Inside Job
Enviado por Andy.mon • 19 de Abril de 2013 • 392 Palabras (2 Páginas) • 330 Visitas
In this movie we learn more about what is a economic crisis, it is a period of where the system functions very poorly, warranting immediate corrective action. In an economy therefore, a crisis can be described as that period of dismal economic performance. During this time, the value of institutions, especially financial institutions, drops at unprecedented speeds and everything seems to be valueless. Production is low and often fails to meet the level of demand.
Bubbles: Bubbles form in economies, securities, stock markets and business sectors because of a change in the way players conduct business. This can be a real change, as occurred in the bubble economy of Japan in the 1980s when banks were partially deregulated, or a paradigm shift, as happened during the dotcom boom in the late '90s and early 2000s. During the boom people bought tech stocks at high prices, believing they could sell them at a higher price until confidence was lost and a large market correction, or crash, occurs. Bubbles in equities markets and economies cause resources to be transferred to areas of rapid growth. At the end of a bubble, resources are moved again, causing prices to deflate. Thus, there is little long-term return on those assets.

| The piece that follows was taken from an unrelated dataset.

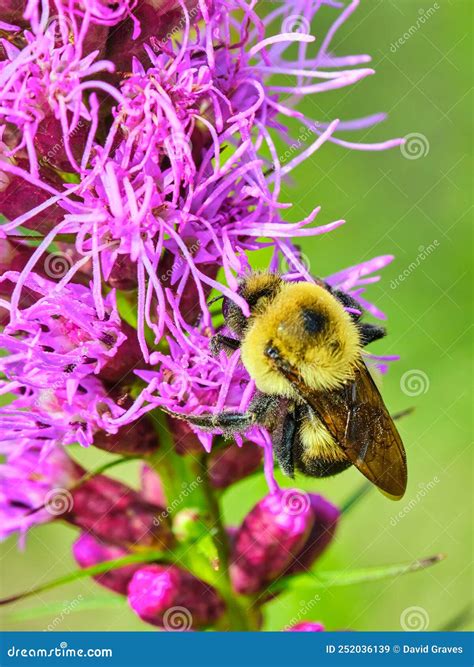 Common Eastern Bumblebee (Bombus Impatiens) Stock Image - Image of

CDOs, or Collateralized Debt Obligations, are sophisticated financial tools that banks use to repackage individual loans into a product that can be sold to investors on the secondary market. These packages consist of auto loans, credit card debt, mortgages or corporate debt. They are called collateralized because the promised repayment of the loans are the collateral that gives the CDOs value.
Recession: Recession is a normal (albeit unpleasant) part of the business cycle; however, one-time crisis events can often trigger the onset of a recession. In the movie we saw The global recession of 2008-2009 that brought a great amount of attention to the risky investment strategies used by many large financial institutions, along with the truly global nature of the financial sytem. As a result of such a wide-spread global recession, the economies of virtually all the world's developed and developing nations suffered extreme set-backs and numerous government policies were implemented to help prevent a similar future financial crisis.
A recession generally lasts from six to 18 months, and interest rates usually fall in during these months to stimulate the economy by offering cheap rates at which to borrow money.